Oto zapowiedziany wyżej tekst:
Chwalmy Boga Wszechmocnego, - Że nam dał Syna swojego,
Najmilsze nasze kochanie, - Grzesznym na poratowanie.
Jegoż Matkę czcić nam trzeba, - Zdrowaś Panno, Pani nieba,
Szczęśliwaś Płodem nad inne, - Twoja cześć po świecie słynie.
Onać miła wieść nastała, - Gdyś Anioła wysłuchała:
Za Matkę Bogu zmówiona, - O godność nie wysławiona!
Toż Elżbiecie Bóg objawił, - Przeto mówi: któż mi sprawił,
Że Ty mnie Boga-Rodzica – Nawiedzasz jam służebnica.
O przesławny święty żłobie, - Utaiłeś Boga w sobie:
Panaś Panno tam powiła, - A Panieństwaś nie straciła.
Poniosłaś Go do kościoła, - Prawo Boże pełniąc zgoła,
Ofiarę Ojcu wiecznemu, - Światło ludowi nędznemu.
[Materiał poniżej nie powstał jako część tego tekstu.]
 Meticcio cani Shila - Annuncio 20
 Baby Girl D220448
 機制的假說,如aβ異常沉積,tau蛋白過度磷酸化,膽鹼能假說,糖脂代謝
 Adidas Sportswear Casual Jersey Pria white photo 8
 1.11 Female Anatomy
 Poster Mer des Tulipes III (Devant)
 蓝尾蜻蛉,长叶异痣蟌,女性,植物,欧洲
W lat dwanaście straconego, - Nalazłaś Syna miłego:
Choć przeszedł mądre doktory, - Wszakżeć się dał w moc pokory.
Ciernie Panno Twych żałości – Nastąpiło, gdy ze mdłości
Syn Twój Krwią spłynął w Ogrójcu, - Upadając Bogu Ojcu.
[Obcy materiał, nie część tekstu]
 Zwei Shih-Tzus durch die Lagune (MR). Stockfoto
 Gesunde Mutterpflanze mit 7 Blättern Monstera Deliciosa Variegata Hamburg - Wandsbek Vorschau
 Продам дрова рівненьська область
Wedle słupa przywiązany, - Był sromotnie katowany;
Wycierpiał za nas karanie, - Przez niezmierne zmiłowanie.
Jeszcze nad nim kat zbytkował, - Gdy Go cierniem koronował;
Bił trzciną Głowę zbitemu, - Dał policzek uplwanemu.
Potem na śmierć srogą dany, - Wyszedł z łotry poczytany;
Wziął krzyż na ramię zemdlone, - Szło na dziw miasto szalone.
Widząc Panno zabitego, - Dotkniesz z boku Serca Swego,
Mówiąc: ach! Synu mój miły, - Toć ustały we mnie siły.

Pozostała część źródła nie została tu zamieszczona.